(EXERCISE MATERIALS begins)
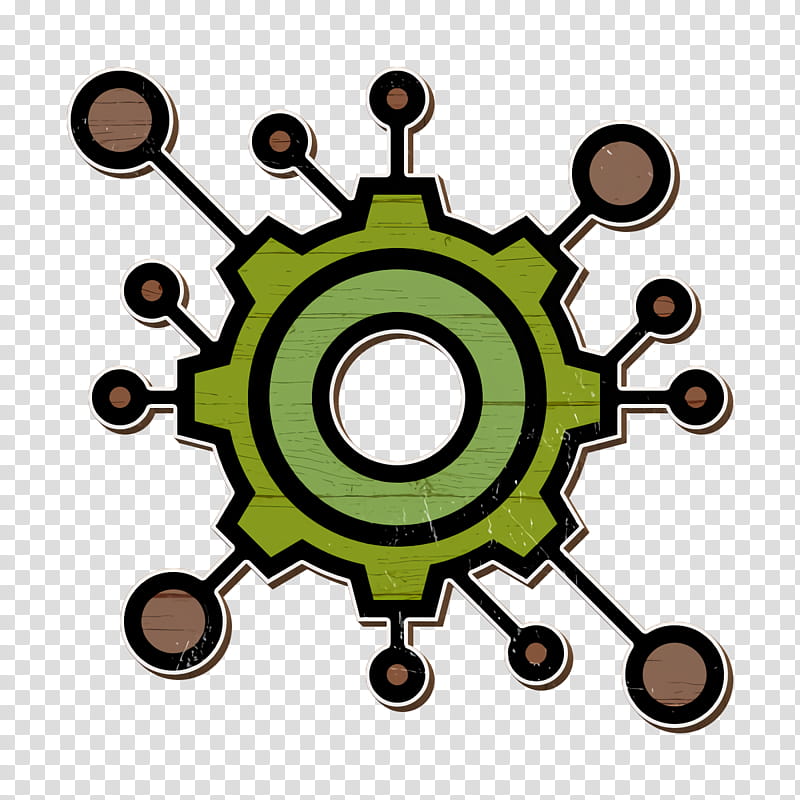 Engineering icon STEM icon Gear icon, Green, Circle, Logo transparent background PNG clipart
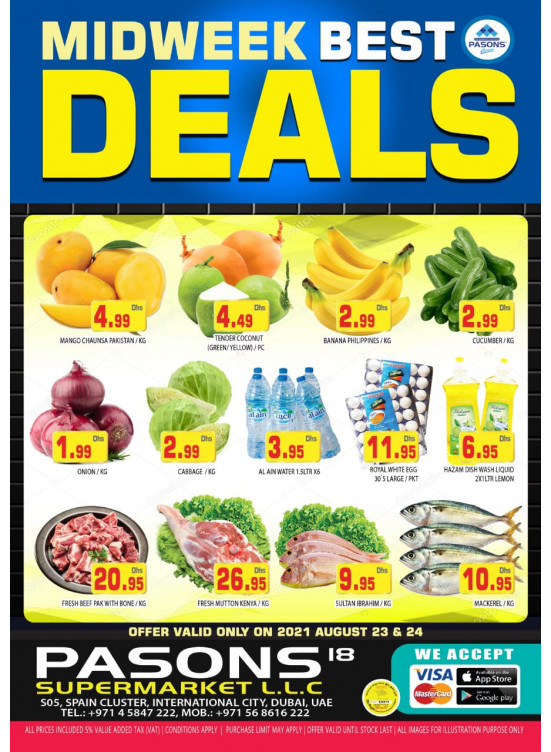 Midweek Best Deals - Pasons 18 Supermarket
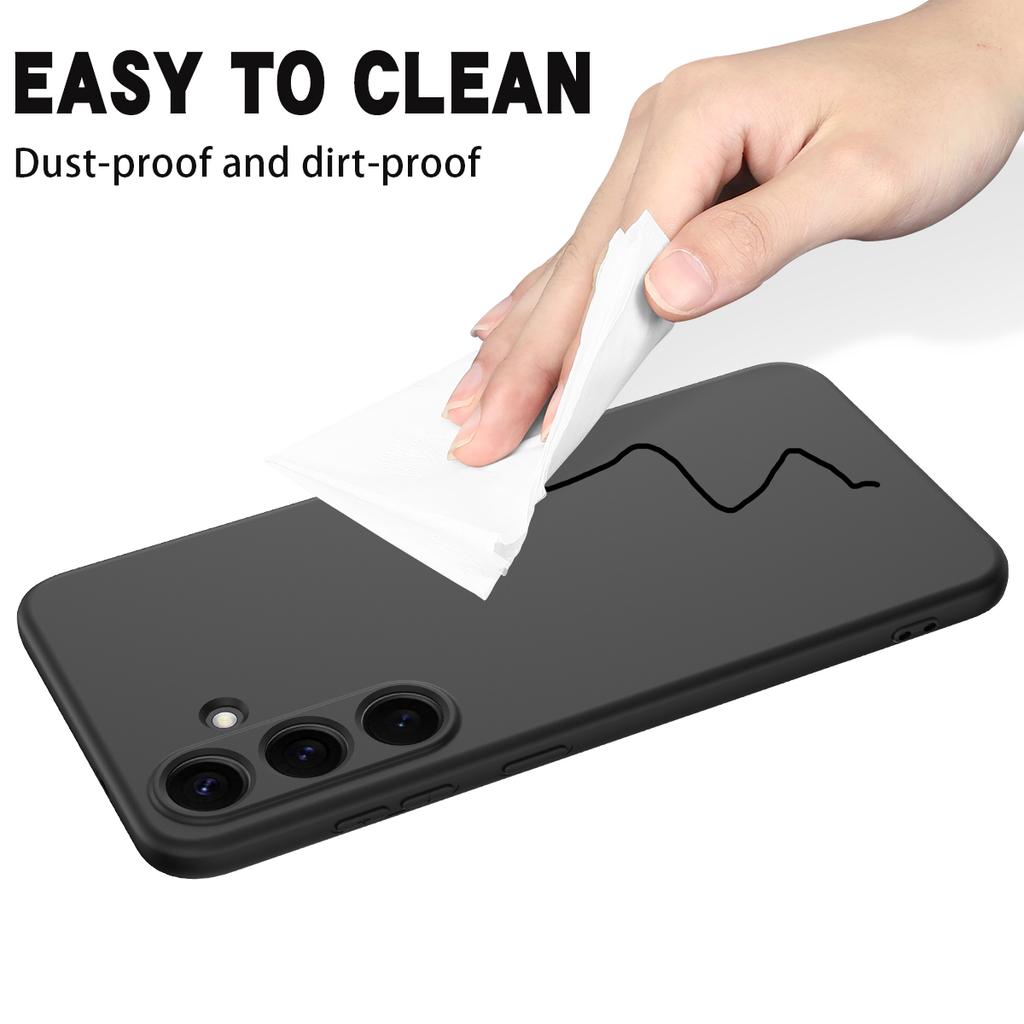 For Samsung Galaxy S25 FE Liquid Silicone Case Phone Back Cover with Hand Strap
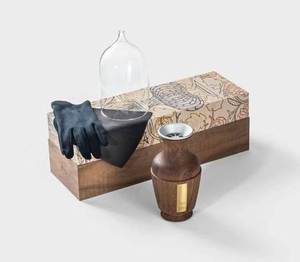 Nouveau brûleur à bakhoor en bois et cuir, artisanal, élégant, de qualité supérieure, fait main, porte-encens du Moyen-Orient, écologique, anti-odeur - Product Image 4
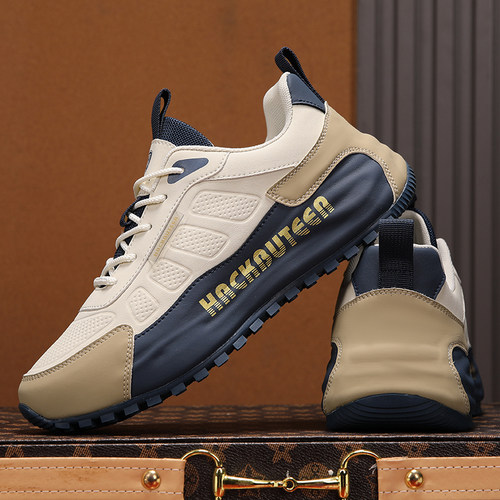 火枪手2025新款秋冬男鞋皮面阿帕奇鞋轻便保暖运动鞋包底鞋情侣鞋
(EXERCISE MATERIALS ends)
The result should be the listing above, restated exactly, with no pictures in it.

 Engineering icon STEM icon Gear icon, Green, Circle, Logo transparent background PNG clipart
 Midweek Best Deals - Pasons 18 Supermarket
 For Samsung Galaxy S25 FE Liquid Silicone Case Phone Back Cover with Hand Strap
 Nouveau brûleur à bakhoor en bois et cuir, artisanal, élégant, de qualité supérieure, fait main, porte-encens du Moyen-Orient, écologique, anti-odeur - Product Image 4
 火枪手2025新款秋冬男鞋皮面阿帕奇鞋轻便保暖运动鞋包底鞋情侣鞋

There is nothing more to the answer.